湖面と逆転した稜線が写るモノクロームのアートワークは、分断された世界の象徴。絶望、喪失、空虚。母国の政治的混乱と社会的分断は悲しいまでにアルバムのイメージへと反映されています。ただし、梯子で繋がる上下の世界が仄めかすように、レコードには一縷の希望も残されているのです。
苦痛と期待を等しく帯びたアコースティックのセレナーデ、”Underlie” の色彩は、”Part Island” のキャンバス全体を鮮明に浮かび上がらせます。シンプルでしかしエレガントに描かれた物語の第一幕は灰色の悲哀を帯び、神聖なメロディーには仄暗き絶望が霧のように舞い落ちるのです。
「結果として、ダイナミクスに満ちたレコードとなったんだよ。素晴らしいハーモニーが常に生まれていると思うんだけどな。」
ポストロックの荘厳とブラッケンドの狂気、トレモロと不協和音のカコフォニーをリズムの魔法で抱きしめた “Moorland Is The Sea” のパノラマは実にプログレッシブ。さらにノイズの海とアトモスフィアの波で英国の鬱屈した気候を視覚化する “Dovestone” のサウンドスケープは実にシネマティック。
そうしてアルバムのダイナミズムは作品を締めくくるタイトルトラックで最高潮へと達します。アコースティックの浮遊感、リフのカタストロフィー、ピアノのドラマチシズム、そして溢れる激情のエモーション。バンドの全てを注いで具現化した対比の美学とカタルシスは、想像を絶する音の震源地としてリスナーをトランス状態へと誘うのです。
今回弊誌では、Adam Symonds にインタビューを行うことが出来ました。「僕たちにポストメタルをやっているという意識はないんだ。まあだけど、先鋭的で、ヘヴィーで、エモーショナルでアトモスフェリックな音楽だからそのタグからは逃れようがないよね。だから僕らはもっと進化してこのタグから先に進みたいね。」リリースは注目の Debemur Morti Productions から。どうぞ!!
LATITUDES “PART ISLAND” : 9.9/10
INTERVIEW WITH ADAM SYMONDS
Q1: This is the first interview with you. So, at first, could you tell us about yourself and your band? What kind of music were you listening to, when you were growing up?
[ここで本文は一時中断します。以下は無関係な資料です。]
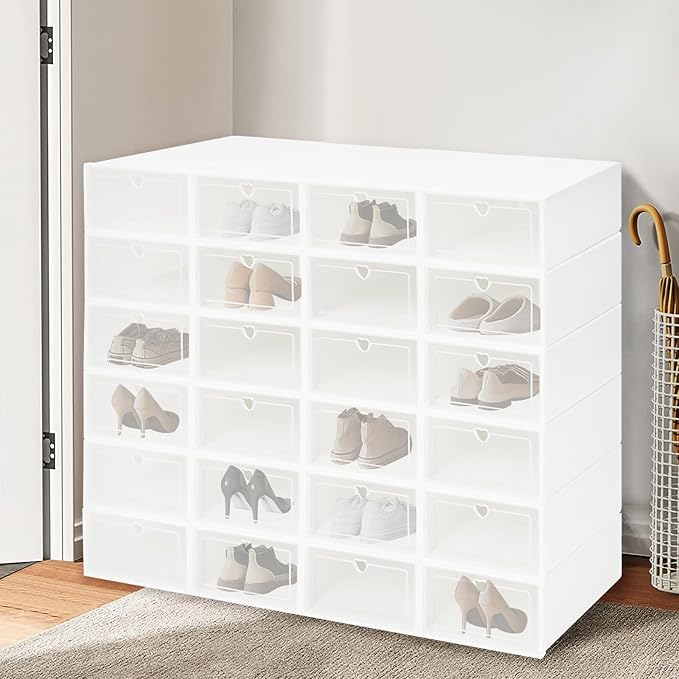 24Pcs Shoe Storage Box, Shoe Box Side Open, Clear Shoe Boxes Stackable, Plastic Stackable Shoe Storage Organizer, for Shoes, Including Sneakers, High Heels, Canvas Shoes, Boots, Etc (White)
【ADAM】: Thank you for the invitation. I (Adam Symonds) am the vocalist and one of three guitarists in Latitudes. Part Island is our fourth album and the second to be released on Debemur Morti Productions. Latitudes are a heavy band which incorporate elements of shoegaze and folk alongside clean vocals and crushing melody.
Q1: 本誌初登場です!まずはあなたの音楽的なバックグラウンドからお話ししていただけますか?
【ADAM】: インタビューをありがとう。僕は LATITUDES のボーカリストで、3人のギタリストの1人 Adam Symonds だよ。”Part Island” は僕たちにとって4枚目のアルバムで、Debemur Morti Productions と契約してからは2枚目なんだ。
LATITUDES はヘヴィーなバンドなんだけど、シューゲイザーやフォークの要素、クリーンボーカルや圧倒的なメロディーと融合させているんだ。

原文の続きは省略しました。